A judge is partially granting a motion by Coinbase that would force the U.S. Securities and Exchange Commission (SEC) to produce critical documents.
Last month, Coinbase filed the motion to procure the documents related to its previous communication with crypto issuers because they believe the regulatory body’s enforcement actions have been inconsistent.
The SEC first sued Coinbase in June 2023, alleging that the top US-based crypto exchange violated several securities laws, including selling unregistered securities.
About a year later, Coinbase filed a countersuit, claiming the SEC is attempting to cripple the digital assets industry by operating outside of its jurisdiction.

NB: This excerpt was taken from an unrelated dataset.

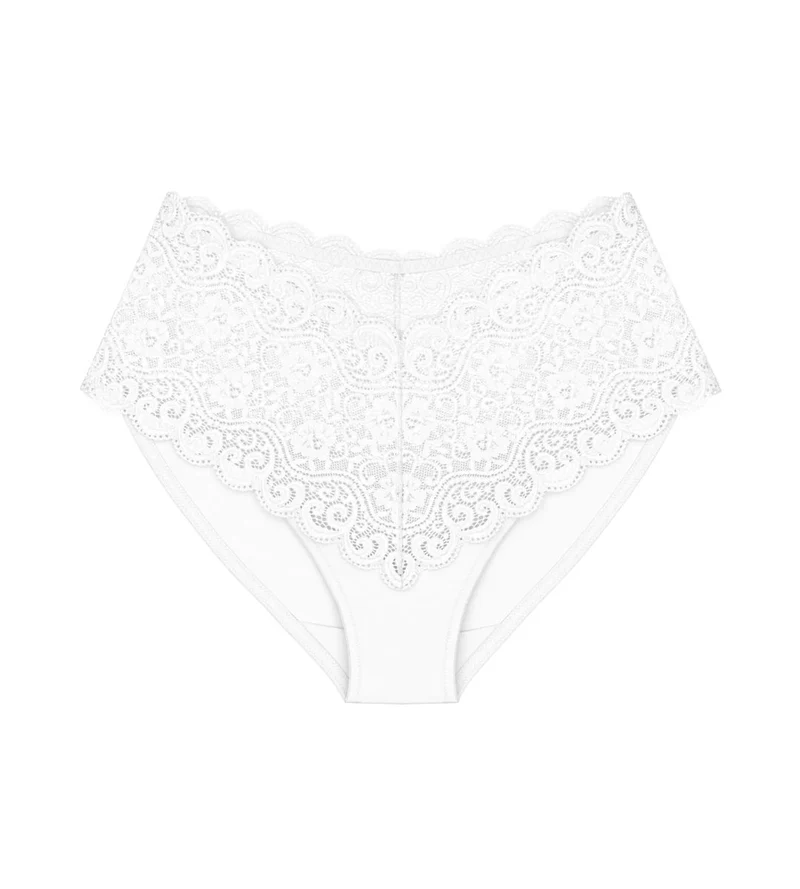 Amourette Maxi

Earlier this week, Coinbase chief legal officer Paul Grewal noted that the judge in the case both partially granted and denied the crypto exchange’s motion to compel the SEC to produce key documents, citing the regulator’s recent case against Ripple Labs.

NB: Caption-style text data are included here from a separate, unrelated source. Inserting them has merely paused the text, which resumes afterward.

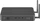 LG Thin Client CQ600N-6N, Celeron N5105, 4GB RAM (CQ600N-6N.AEU)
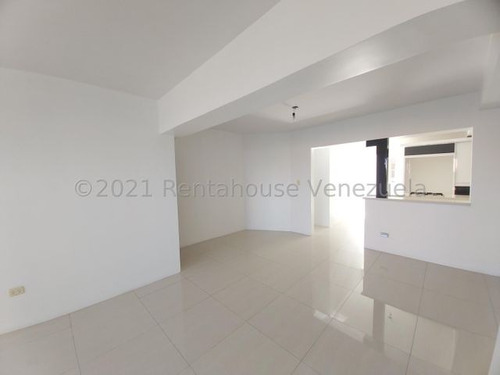 Imagen 27 de 30 de Apartamentos En Venta En Triangulo Del Este Barquisimeto Lara -- 23-18395 Vip-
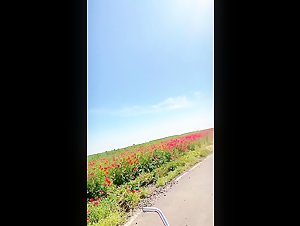 Thumb 9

“As [the Judge] noted, in allowing analogous discovery in the Ripple litigation, this quantum of discovery is reasonable for an incredibly high stakes, high-value litigation.”
The judge granted Coinbase’s request, albeit on a limited basis, according to court transcripts.
“I am granting that motion to compel production or logging of this information subject to the provisos I’ve just described; limits on custodians, limits on the production of purely intra-agency communications, and an expectation that the parties can agree on a limited number of search terms to run through the accounts of a limited number of the limited number of custodians.”
In a thread on the social media platform X, Grewal thanks the court for ordering the SEC to procure evidence.
“Today Judge Failla ruled from the bench on our motion to compel SEC to provide key information for the defense of our case. In short, the Court ordered the SEC to produce important discovery…We thank the Court for its careful consideration.”